The Electronic Frontier Foundation's SSL Observatory is a research project that gathers and analyzes the cryptographic certificates used to secure Internet connections, systematically cataloging them and exposing their database for other scientists, researchers and cryptographers to consult.

Now Arjen Lenstra of École polytechnique fédérale de Lausanne has used the SSL Observatory dataset to show that tens of thousands of SSL certificates "offer effectively no security due to weak random number generation algorithms." Lenstra's research means that much of what we think of as gold-standard, rock-solid network security is deeply flawed, but it also means that users and website operators can detect and repair these vulnerabilities.

While we have observed and warned about vulnerabilities due to insufficient randomness in the past, Lenstra's group was able to discover more subtle RNG bugs by searching not only for keys that were unexpectedly shared by multiple certificates, but for prime factors that were unexpectedly shared by multiple publicly visible public keys. This application of the 2,400-year-old Euclidean algorithm turned out to produce spectacular results.
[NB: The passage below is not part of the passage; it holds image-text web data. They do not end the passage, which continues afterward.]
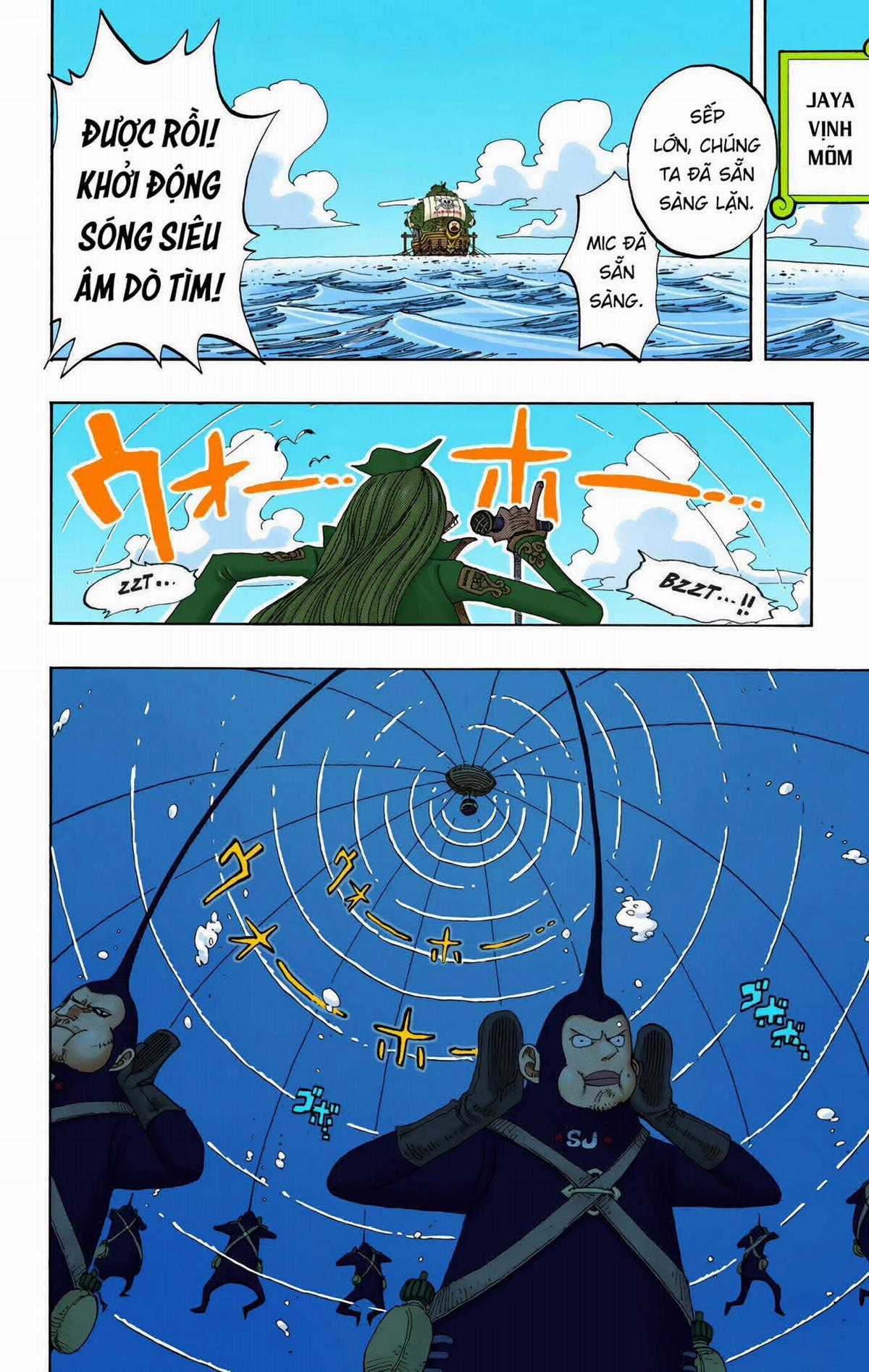 One Piece Color - Chapter 226 - Trang 8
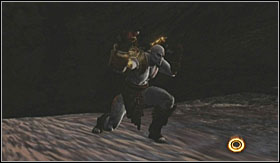 After a couple hits Cronos will grab you with his hand - Walkthrough - The Pit of Tartarus and Cronos - Walkthrough - God of War 3 - Game Guide and Walkthrough
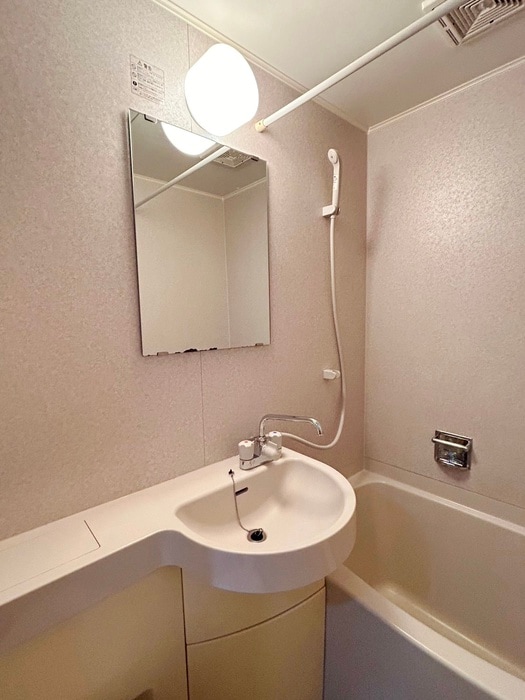 洗面 アパ－トメントメビウス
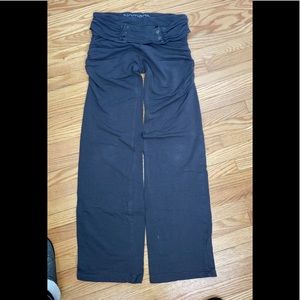 Super soft comfy hemp nomad pants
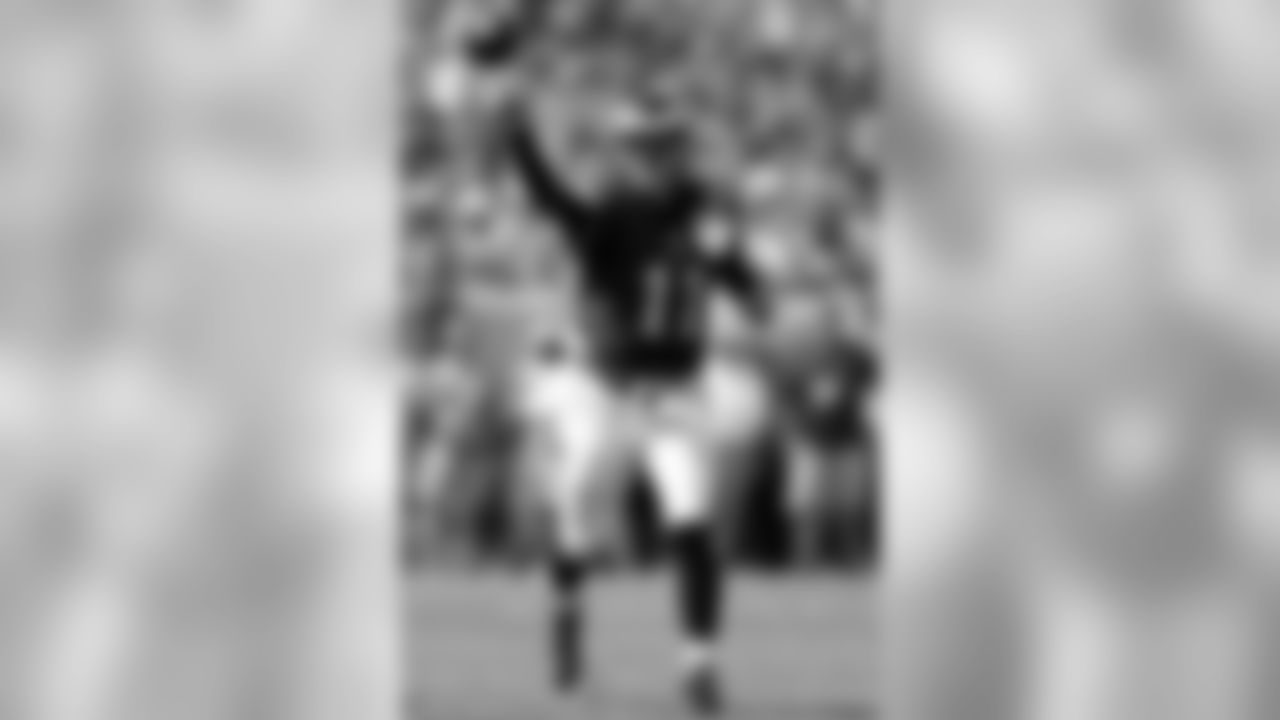 QB Carson Wentz - More weapons in the pass game. Another playmaker in the run game. Ballhawks in the secondary. The quarterback won in a big way this offseason. Listen to the podcast here.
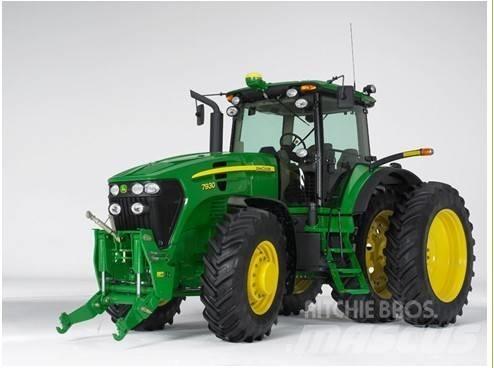 John Deere JD7930 Tratores Agrícolas usados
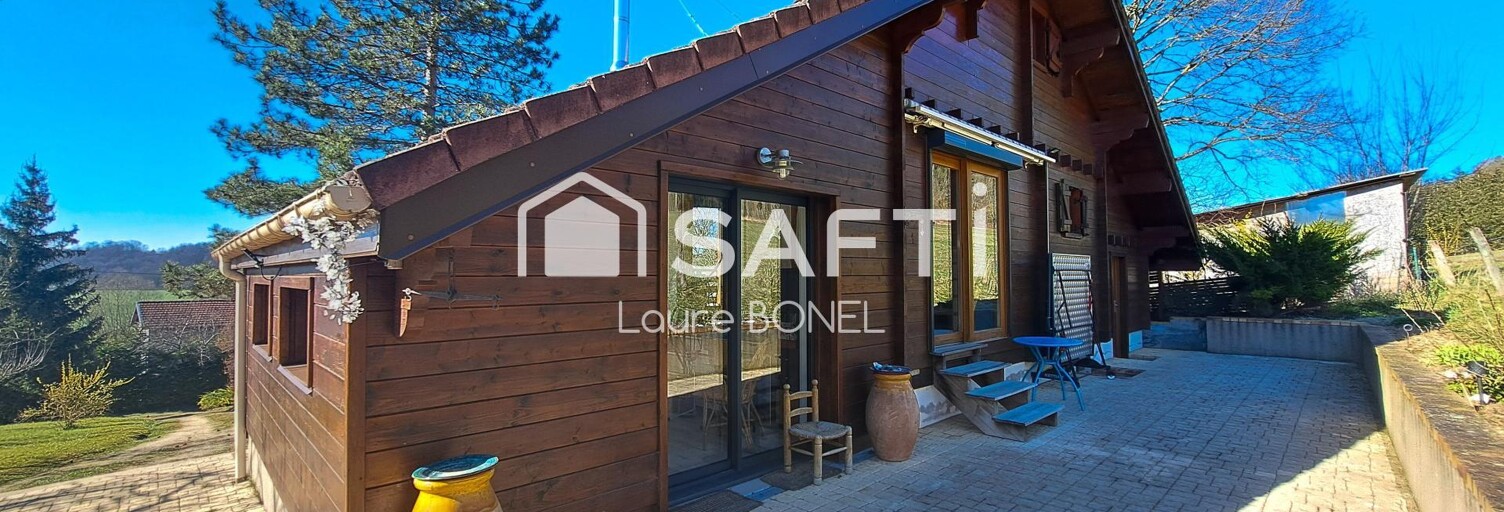 Maison 3 Pièces 72 m² à vendre à Sauvigny (55140)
In addition to TLS, the transport layer security mechanism underlying HTTPS, other types of public keys were investigated that did not use EFF's Observatory data set, most notably PGP. The cryptosystems that underlay the full set of public keys in the study included RSA (which is the most common class of cryptosystem behind TLS), ElGamal (which is the most common class of cryptosystem behind PGP), and several others in smaller quantities. Within each cryptosystem, various key strengths were also observed and investigated, for instance RSA 2048 bit as well as RSA 1024 bit keys. Beyond shared prime factors, there were other problems discovered with the keys, which all appear to stem from insufficient randomness in generating the keys. The most prominently affected keys were RSA 1024 bit moduli. This class of keys was deemed by the researchers to be only 99.8% secure, meaning that 2 out of every 1000 of these RSA public keys are insecure. Our first priority is handling this large set of tens of thousands of keys, though the problem is not limited to this set, or even to just HTTPS implementations.

We are very alarmed by this development. In addition to notifying website operators, Certificate Authorities, and browser vendors, we also hope that the full set of RNG bugs that are causing these problems can be quickly found and patched. Ensuring a secure and robust public key infrastructure is vital to the security and privacy of individuals and organizations everywhere.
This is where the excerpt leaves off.